→ Problem
Wherever pictures appear in the listing below, leave them out, and copy exactly, and only, everything from the line with "What's up guys, my" down to the line with "For example: a".

---------- Data under study

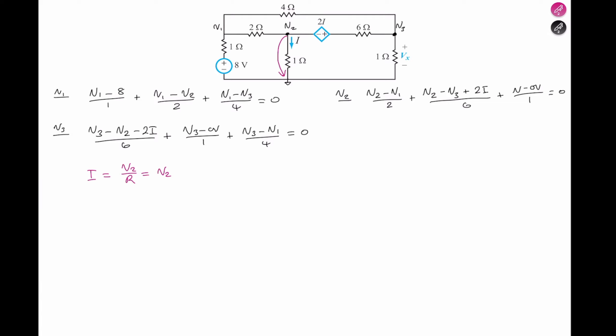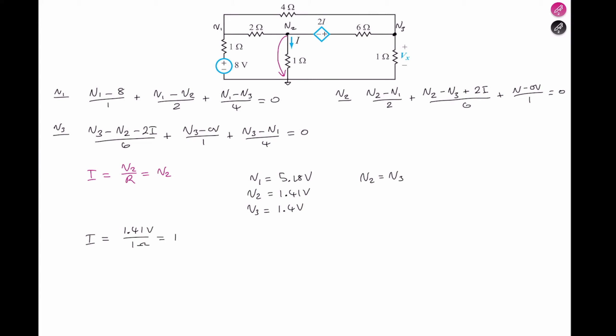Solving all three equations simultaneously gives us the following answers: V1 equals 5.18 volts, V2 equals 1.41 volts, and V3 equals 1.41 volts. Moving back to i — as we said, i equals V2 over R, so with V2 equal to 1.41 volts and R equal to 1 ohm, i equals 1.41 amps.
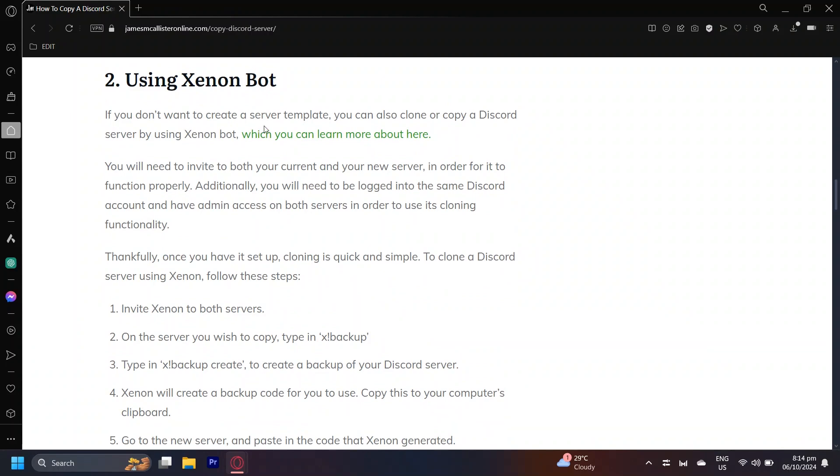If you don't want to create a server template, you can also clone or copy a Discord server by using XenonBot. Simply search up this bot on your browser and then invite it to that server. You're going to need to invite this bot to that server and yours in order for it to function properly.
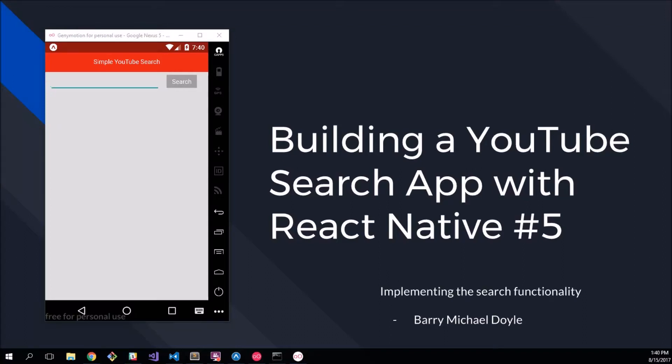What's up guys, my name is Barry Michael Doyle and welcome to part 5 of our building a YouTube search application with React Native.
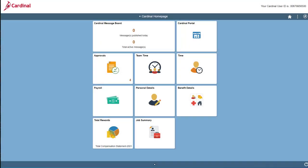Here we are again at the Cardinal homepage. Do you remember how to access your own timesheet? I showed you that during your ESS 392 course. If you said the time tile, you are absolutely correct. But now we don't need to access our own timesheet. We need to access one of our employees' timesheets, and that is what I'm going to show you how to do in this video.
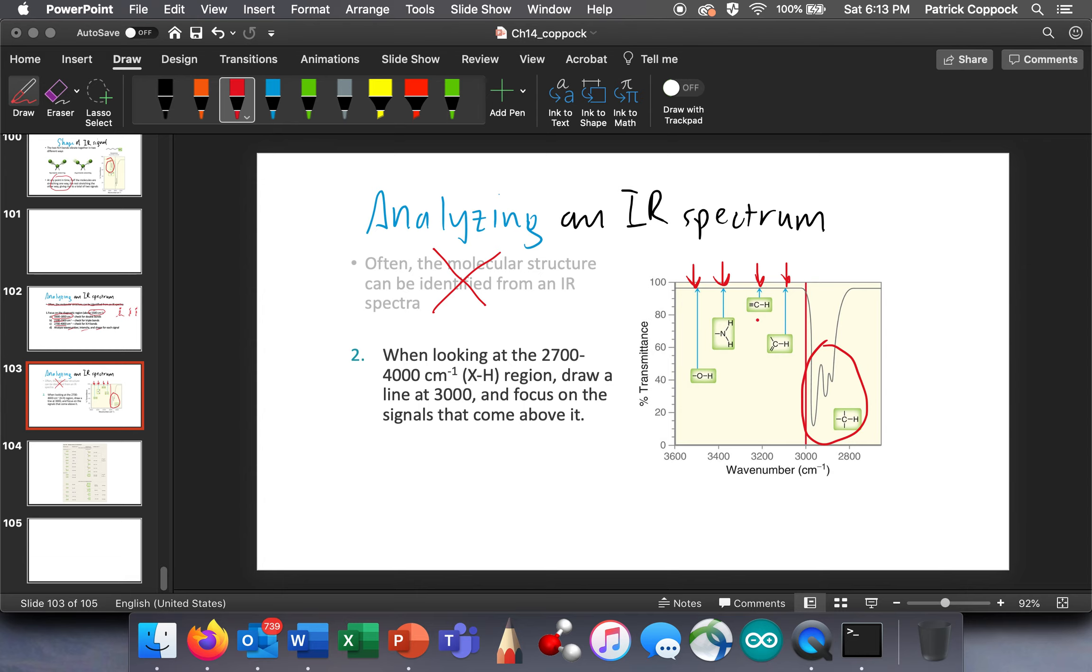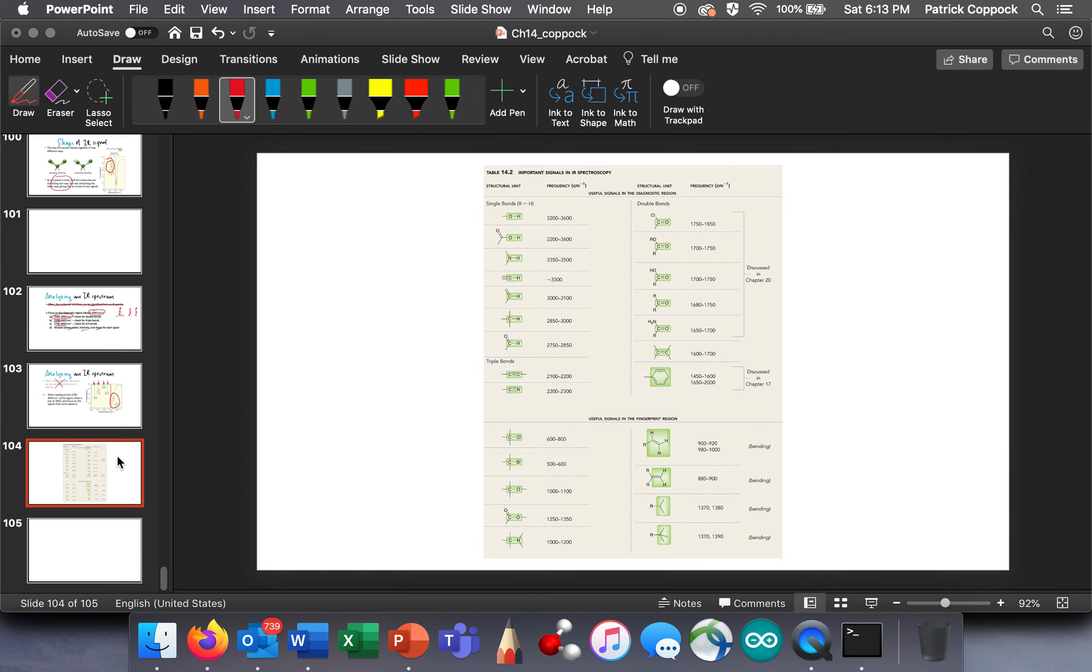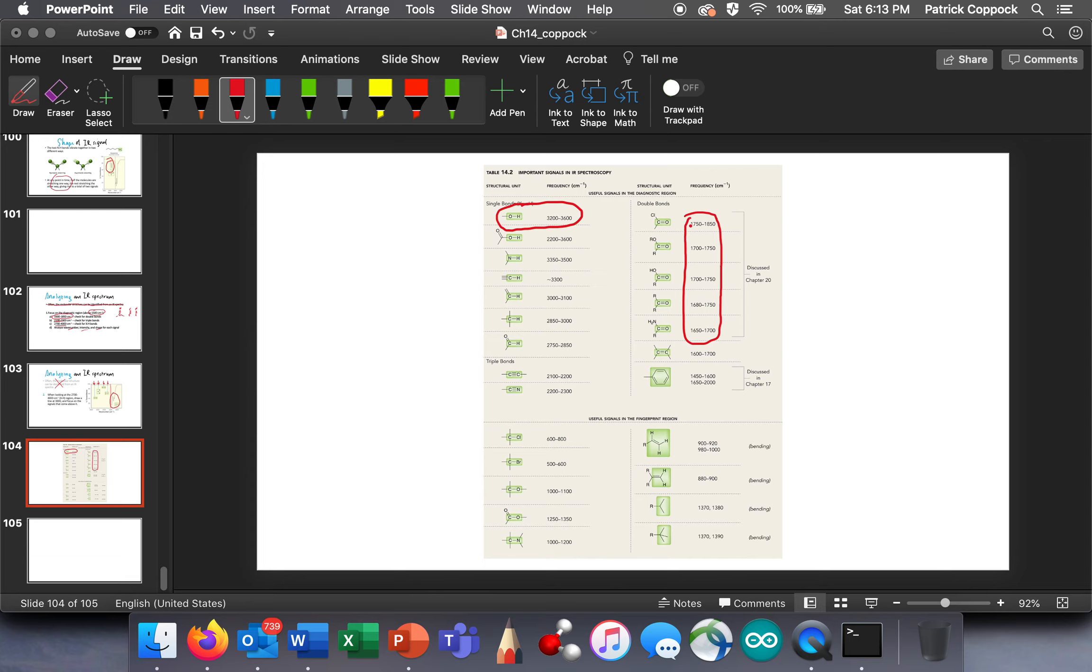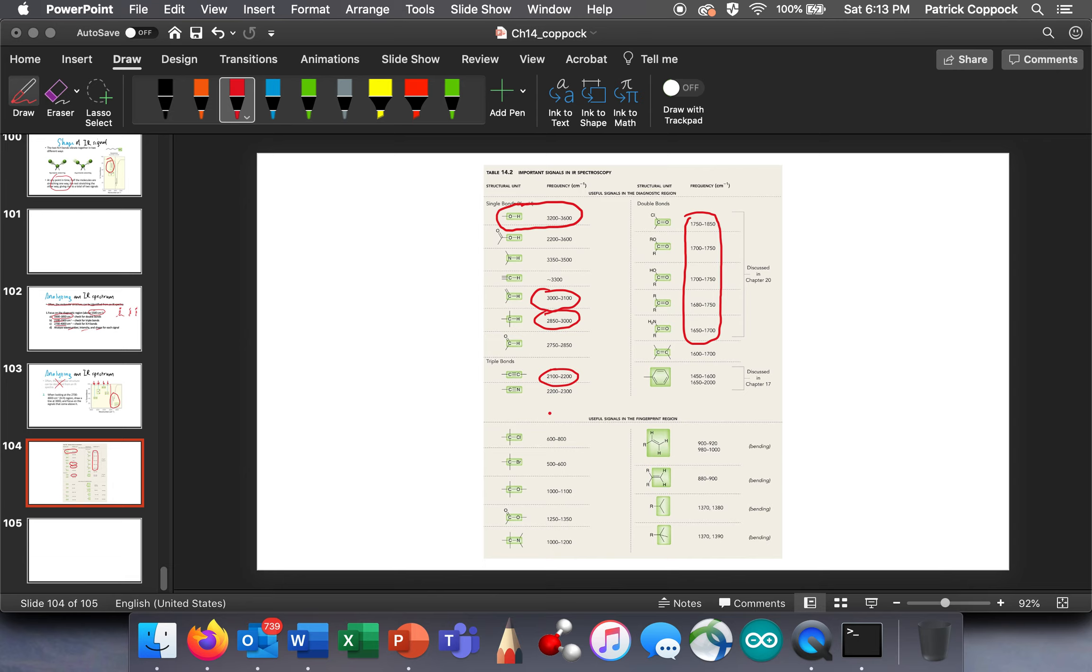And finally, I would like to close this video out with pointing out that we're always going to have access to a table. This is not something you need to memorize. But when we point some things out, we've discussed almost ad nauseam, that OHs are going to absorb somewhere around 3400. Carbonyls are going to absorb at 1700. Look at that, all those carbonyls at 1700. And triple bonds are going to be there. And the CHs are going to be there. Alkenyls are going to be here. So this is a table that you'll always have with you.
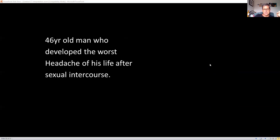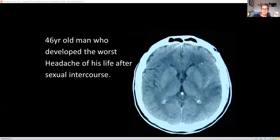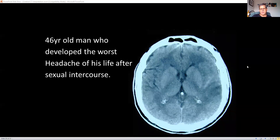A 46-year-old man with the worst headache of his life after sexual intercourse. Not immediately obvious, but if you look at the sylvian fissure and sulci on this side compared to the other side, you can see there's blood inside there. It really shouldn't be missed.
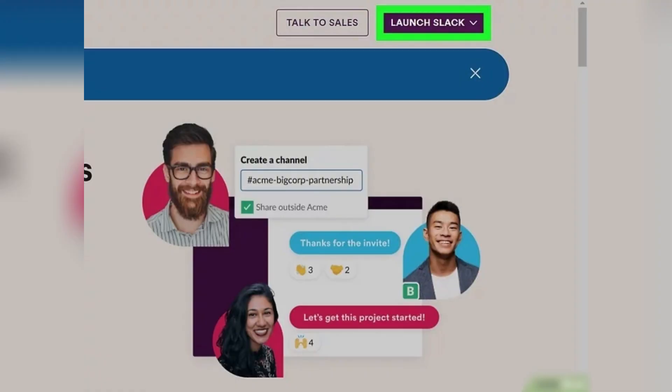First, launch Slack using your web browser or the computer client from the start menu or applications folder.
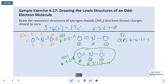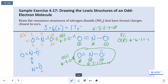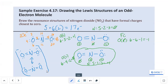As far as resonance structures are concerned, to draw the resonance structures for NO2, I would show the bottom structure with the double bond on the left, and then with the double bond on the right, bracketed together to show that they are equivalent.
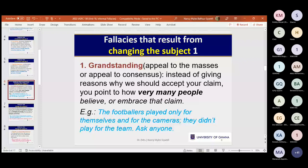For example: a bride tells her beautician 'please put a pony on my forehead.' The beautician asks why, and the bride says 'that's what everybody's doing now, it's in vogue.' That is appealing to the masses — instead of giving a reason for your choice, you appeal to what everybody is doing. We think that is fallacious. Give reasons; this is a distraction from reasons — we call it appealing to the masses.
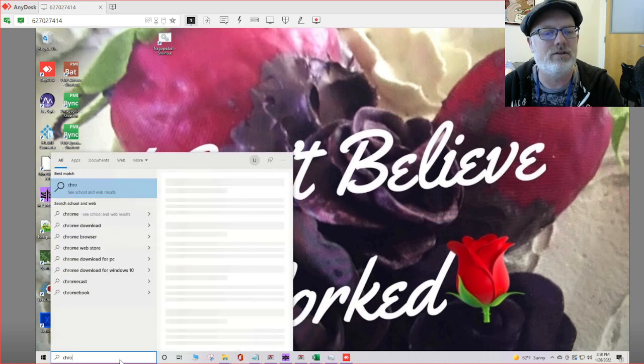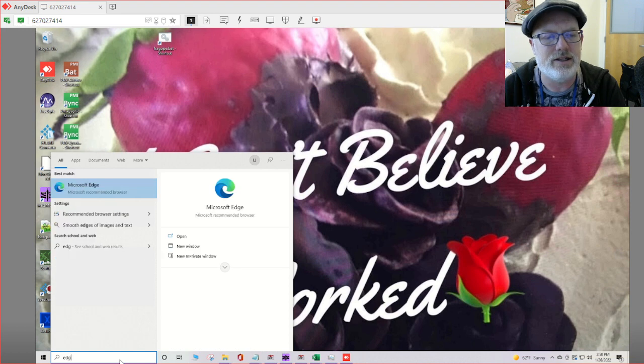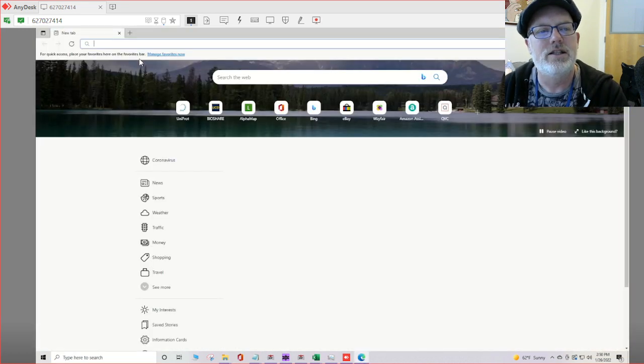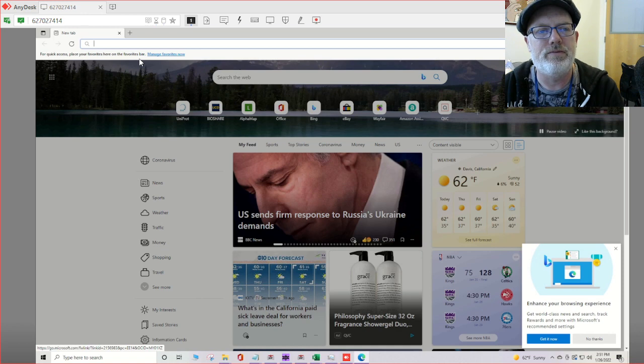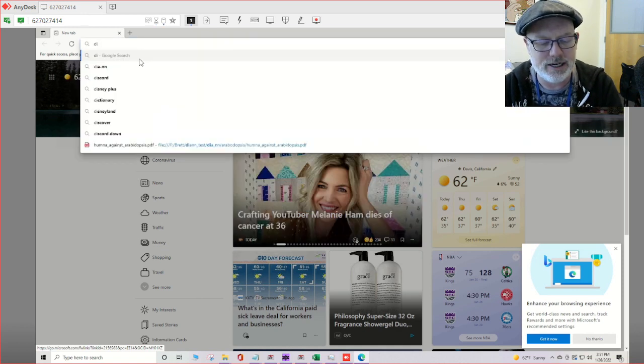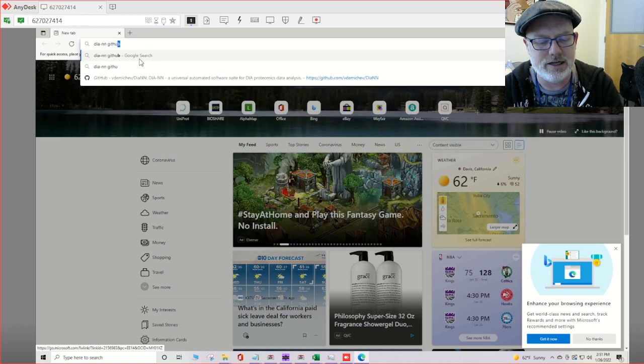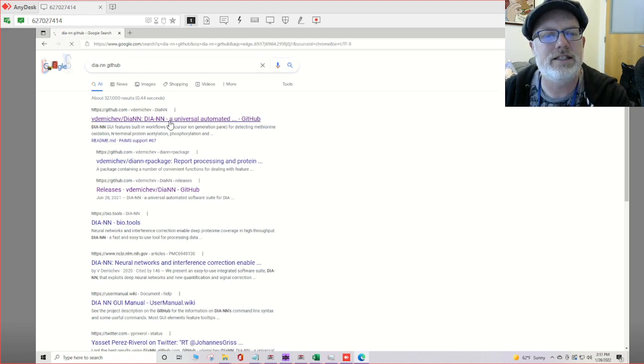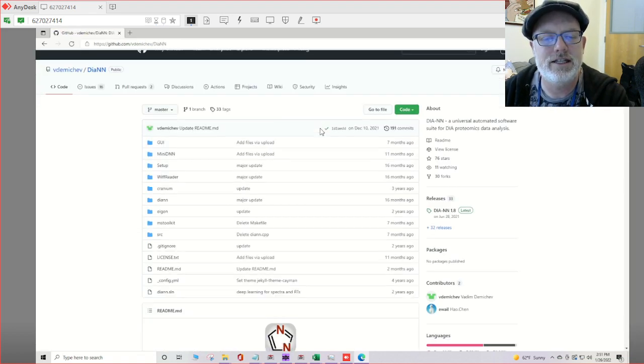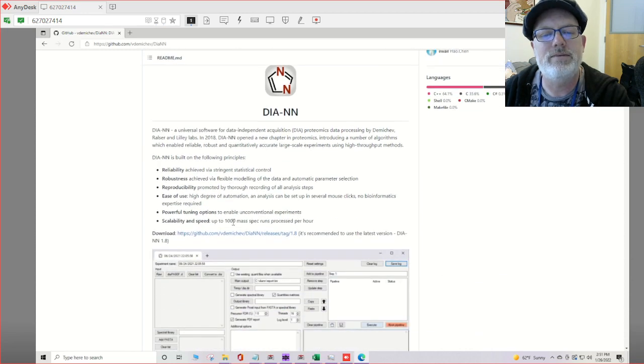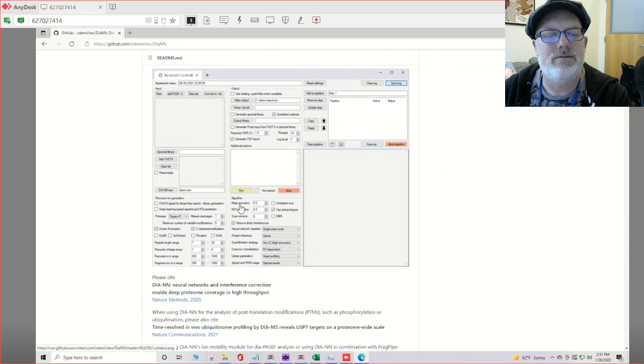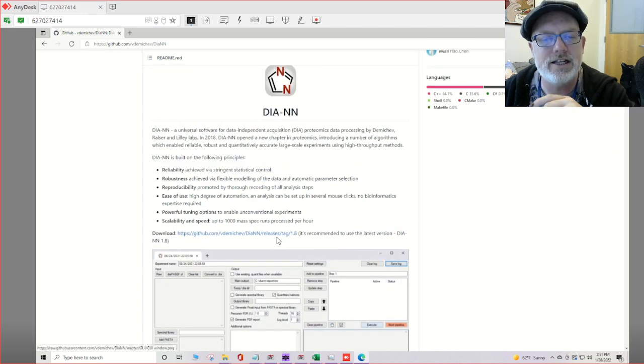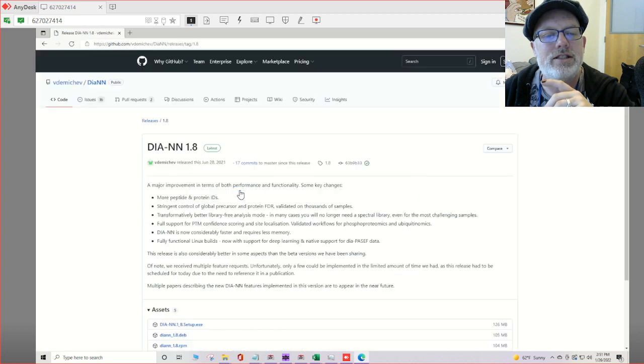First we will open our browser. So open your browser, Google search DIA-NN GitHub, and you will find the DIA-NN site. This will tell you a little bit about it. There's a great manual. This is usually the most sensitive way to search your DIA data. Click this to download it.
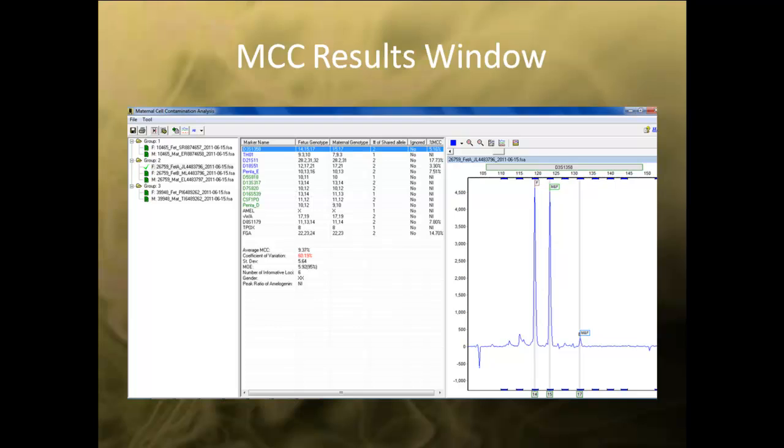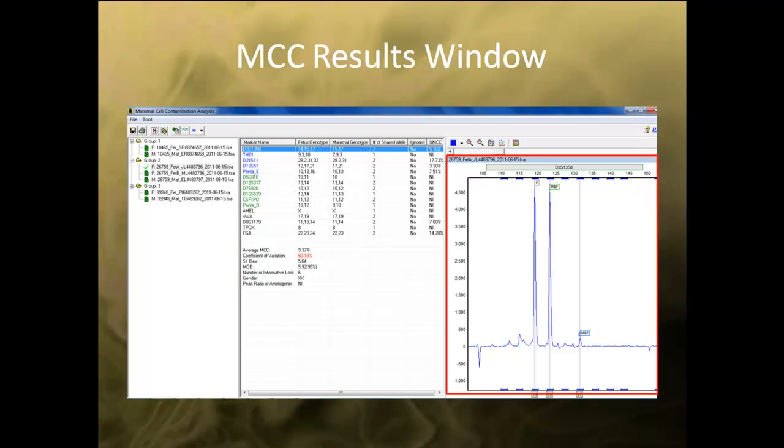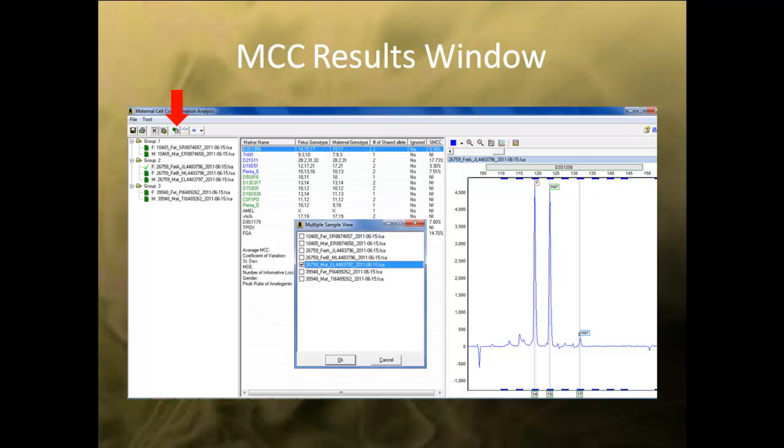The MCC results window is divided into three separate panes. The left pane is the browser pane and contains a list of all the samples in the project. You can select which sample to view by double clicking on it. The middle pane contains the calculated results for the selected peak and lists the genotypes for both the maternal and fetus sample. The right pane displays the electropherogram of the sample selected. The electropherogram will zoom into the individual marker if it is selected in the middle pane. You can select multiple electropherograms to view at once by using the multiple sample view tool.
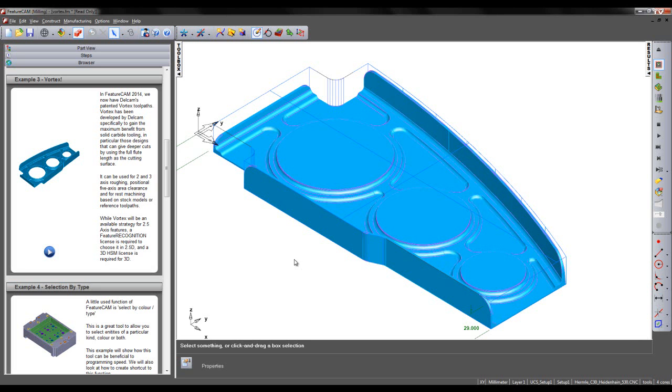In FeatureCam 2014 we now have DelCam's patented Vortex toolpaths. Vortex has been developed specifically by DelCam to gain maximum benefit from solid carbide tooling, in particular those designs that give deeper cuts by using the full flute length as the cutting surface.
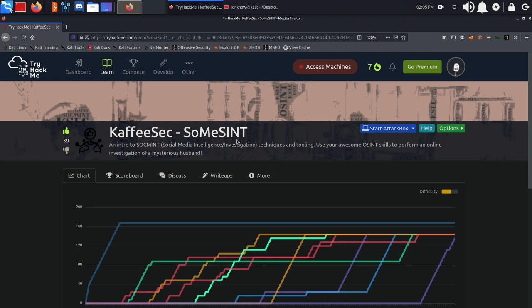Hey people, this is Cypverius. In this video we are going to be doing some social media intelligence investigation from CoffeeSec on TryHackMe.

--------------------

→ Result of the task
What's up guys, my name is Barry Michael Doyle and welcome to part 5 of our building a YouTube search application with React Native.
Here we are again at the Cardinal homepage. Do you remember how to access your own timesheet? I showed you that during your ESS 392 course. If you said the time tile, you are absolutely correct. But now we don't need to access our own timesheet. We need to access one of our employees' timesheets, and that is what I'm going to show you how to do in this video.
And finally, I would like to close this video out with pointing out that we're always going to have access to a table. This is not something you need to memorize. But when we point some things out, we've discussed almost ad nauseam, that OHs are going to absorb somewhere around 3400. Carbonyls are going to absorb at 1700. Look at that, all those carbonyls at 1700. And triple bonds are going to be there. And the CHs are going to be there. Alkenyls are going to be here. So this is a table that you'll always have with you.
A 46-year-old man with the worst headache of his life after sexual intercourse. Not immediately obvious, but if you look at the sylvian fissure and sulci on this side compared to the other side, you can see there's blood inside there. It really shouldn't be missed.
First, launch Slack using your web browser or the computer client from the start menu or applications folder.
As far as resonance structures are concerned, to draw the resonance structures for NO2, I would show the bottom structure with the double bond on the left, and then with the double bond on the right, bracketed together to show that they are equivalent.
For example: a bride tells her beautician 'please put a pony on my forehead.' The beautician asks why, and the bride says 'that's what everybody's doing now, it's in vogue.' That is appealing to the masses — instead of giving a reason for your choice, you appeal to what everybody is doing. We think that is fallacious. Give reasons; this is a distraction from reasons — we call it appealing to the masses.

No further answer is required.